(Recorded data)
▬▬▬▬▬▬▬▬▬▬
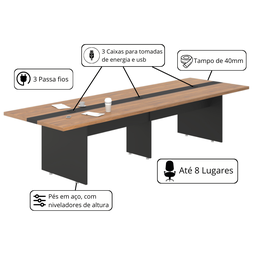 Mesa Reuniao 8 Lugares Design Escritório 3,60m Noce - 2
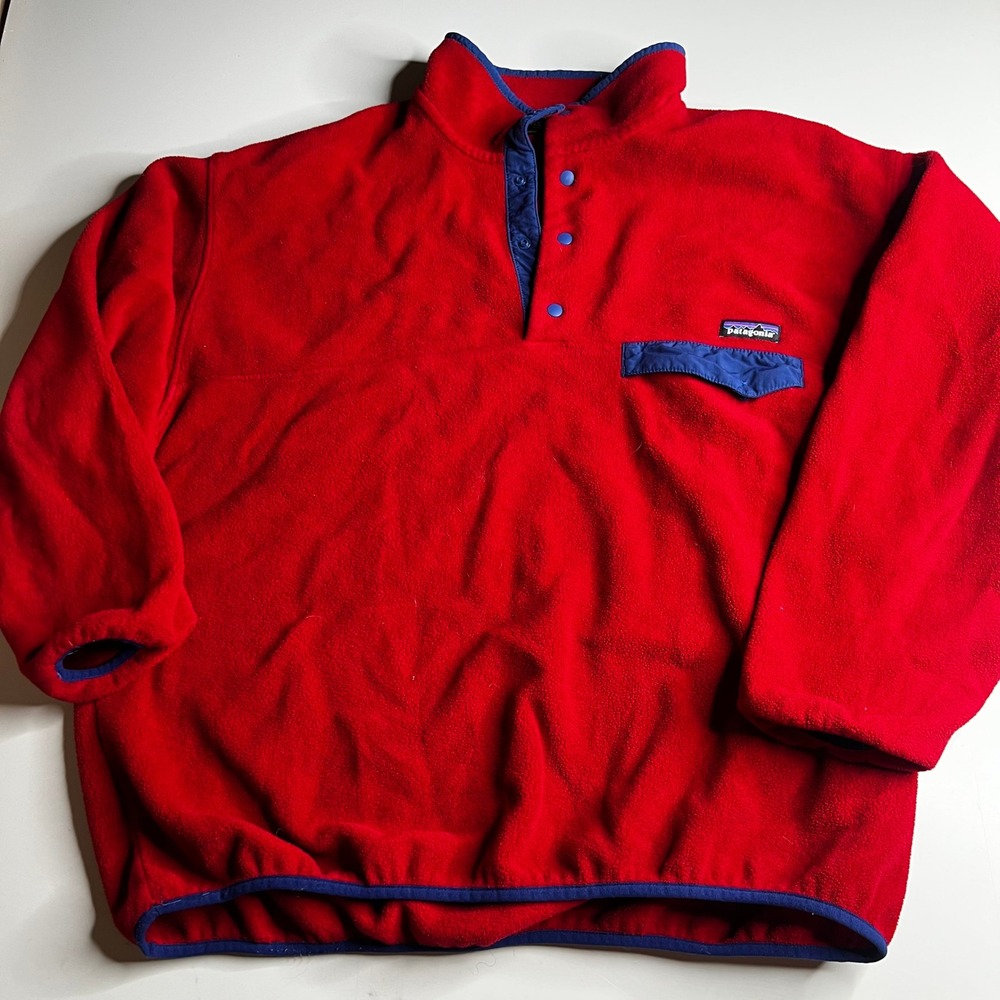 Patagonia Synchilla Snap-T Fleece Pullover Red Blue Mens XL 25450 FA15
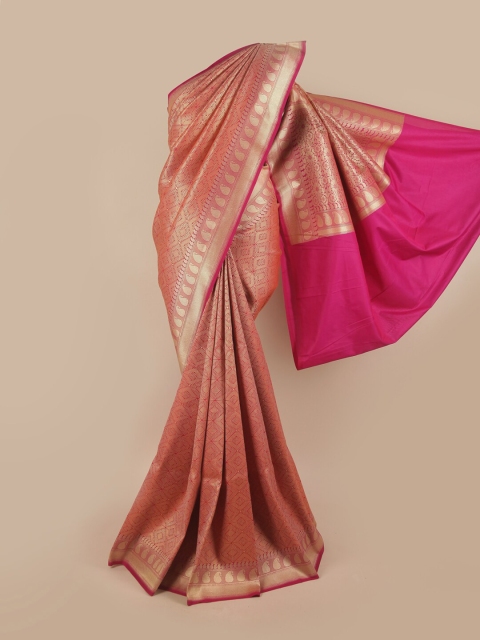 

Pothys Pink & Gold-Toned Ethnic Motifs Pure Silk Banarasi Saree
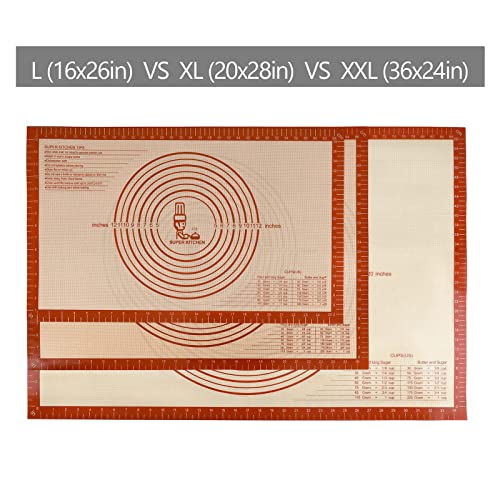 Non-slip Silicone Pastry Mat Extra Large with Measurements 36''By 24'' for Baking Mat, Counter/Dough Rolling/Oven Liner/Fondant/Pie Crust（Red） (Pack of 2) - size: 36"L x 24"W (Pack of 2)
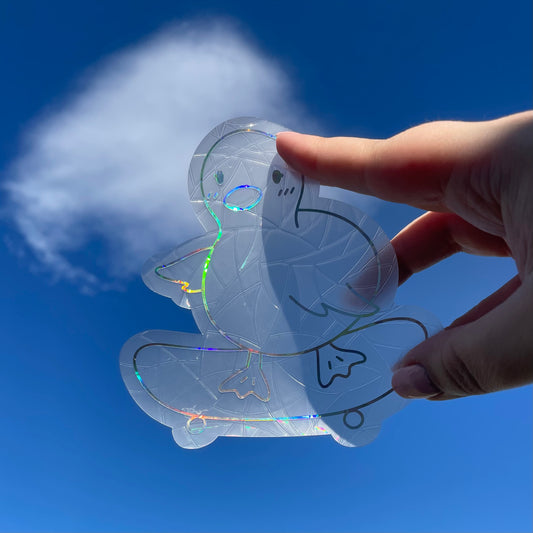 Skateboard Duckling Sun Catcher Sticker Decal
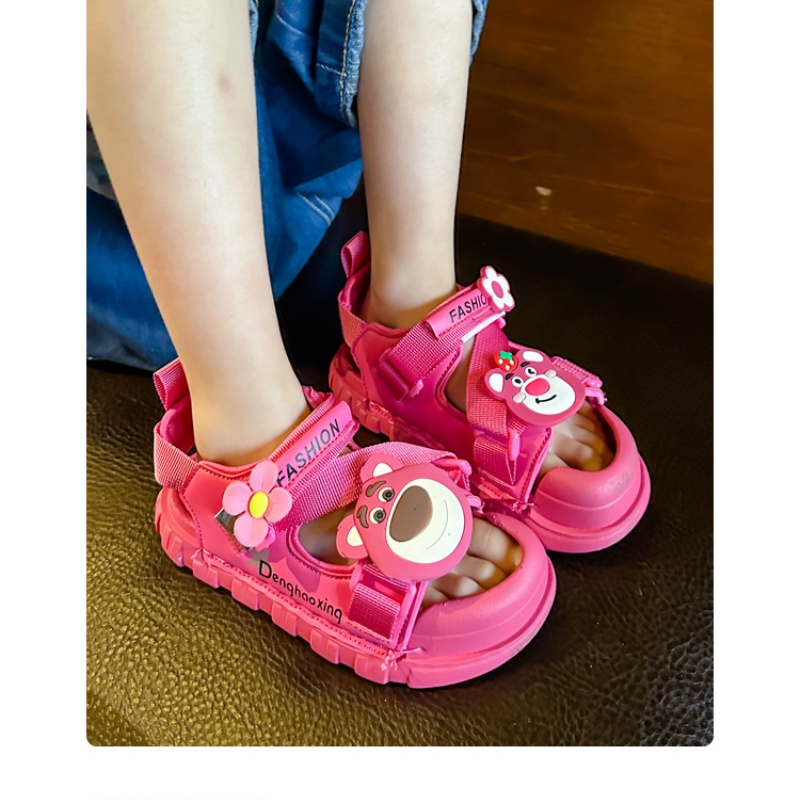 Xăng đan Thoáng Khí Thoải Mái In Họa Tiết Hoạt Hình Dâu Tây / Gấu Dễ Thương Cho Bé Gái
▬▬▬▬▬▬▬▬▬▬
> Exercise details
Could you print all the entries exactly as they stand, with the pictures left out?

> Task result
 Mesa Reuniao 8 Lugares Design Escritório 3,60m Noce - 2
 Patagonia Synchilla Snap-T Fleece Pullover Red Blue Mens XL 25450 FA15

Pothys Pink & Gold-Toned Ethnic Motifs Pure Silk Banarasi Saree
 Non-slip Silicone Pastry Mat Extra Large with Measurements 36''By 24'' for Baking Mat, Counter/Dough Rolling/Oven Liner/Fondant/Pie Crust（Red） (Pack of 2) - size: 36"L x 24"W (Pack of 2)
 Skateboard Duckling Sun Catcher Sticker Decal
 Xăng đan Thoáng Khí Thoải Mái In Họa Tiết Hoạt Hình Dâu Tây / Gấu Dễ Thương Cho Bé Gái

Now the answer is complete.